To be true to this mission, JID Innovations will be initiating DAPR starting in October 2022. This is not being done because we are aware of any issues of bias with our current process of peer review but because we realize that the absence of proof is not proof of absence. As a part of this process, authors will be asked to remove identifying material from manuscripts at the time of submission in preparation for the review process (https://www.jidinnovations.org/content/authorinfo). As a result, primary reviewers will see only the what of the manuscript. We realize that this process involves extra work for both the authors and our staff, but we feel the benefits will outweigh this small cost. Indeed, in other journals that have taken this step, surveys have shown that both authors and reviewers ultimately prefer double-anonymized reviews (
Bennett et al., 2018
; Moylan et al., 2014
). We realize that achieving 100% anonymization of a manuscript is nearly impossible. Studies have shown that the rate of successful anonymizing, where the reviewers cannot discern the authorship of a manuscript, ranged from 47 to 73%. It is however interesting that even with this rate of success in the anonymizing process, a meta-analysis of trials of double- versus that of single-blind peer review has suggested an impact, with lower acceptance rates with double-anonymized peer review (Ucci et al., 2022
). More work clearly needs to be done to assess the value of the DAPR process, and we will be monitoring our results carefully.The institution of DAPR in JID Innovations will assure our authors that the what of their manuscript is our focus. It does not matter who you are or where you are from. It will also emphasize to our reviewers that our focus is on the what. We will be carefully monitoring the results of this new policy and plan to report back on our experience. We also welcome your feedback on your experience as a reviewer and author for JID Innovations; send your comments to us at [email protected]

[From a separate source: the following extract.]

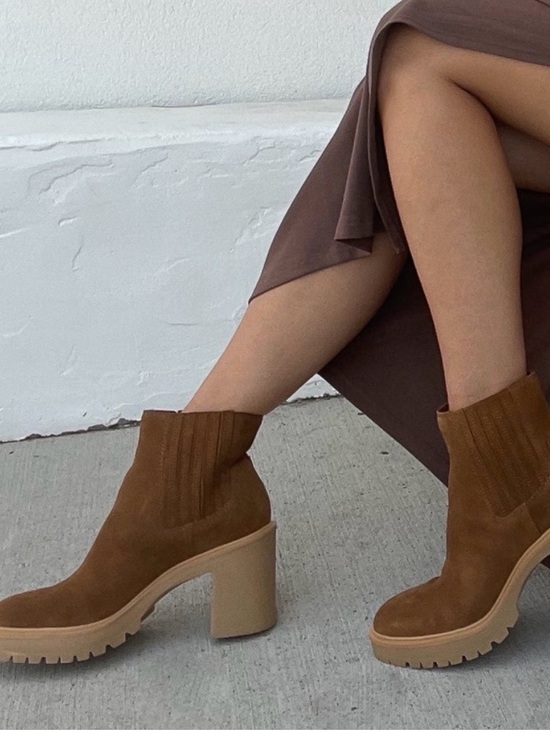 Dolce Vita Shoes - Dolce Vita Chestnut Suede Chunky Heel Ankle Boots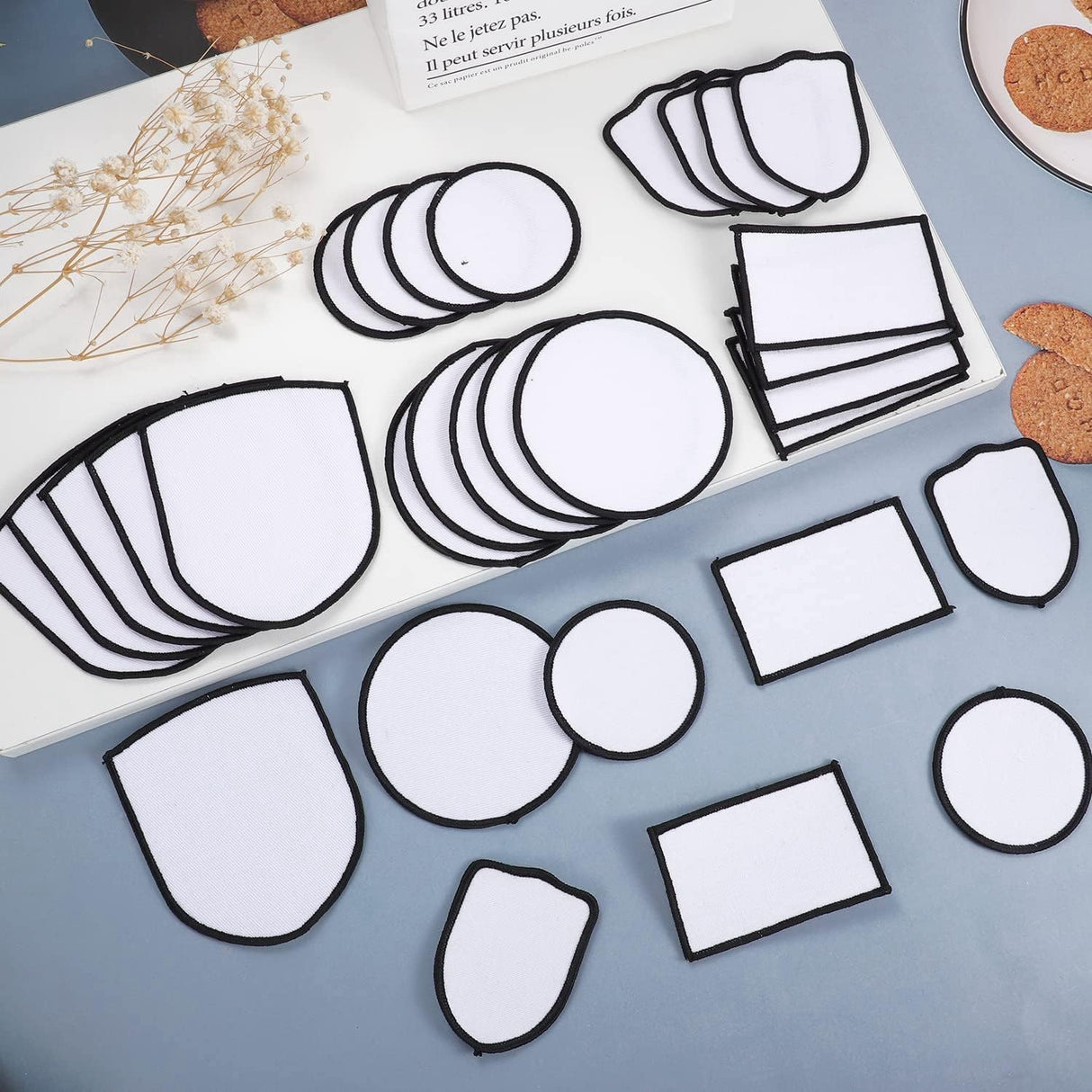 Sxdluzi Sublimation Iron Patches Fabric 5 Shapes Blank For Crafts - Pack of 30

Finally, this decision should be seen not as the end of our efforts to improve the peer review process but merely as a first step. We will continue to work to improve all aspects of the peer review process for JID Innovations. We firmly believe that the use of double-blind -anonymized peer review will bring us closer to ensuring to our authors and readers that the work that is published by JID Innovations has been selected on the basis of what the paper reports and not on who performed the studies or where they were located.
Conflict of Interest
The author states no conflicts of interest.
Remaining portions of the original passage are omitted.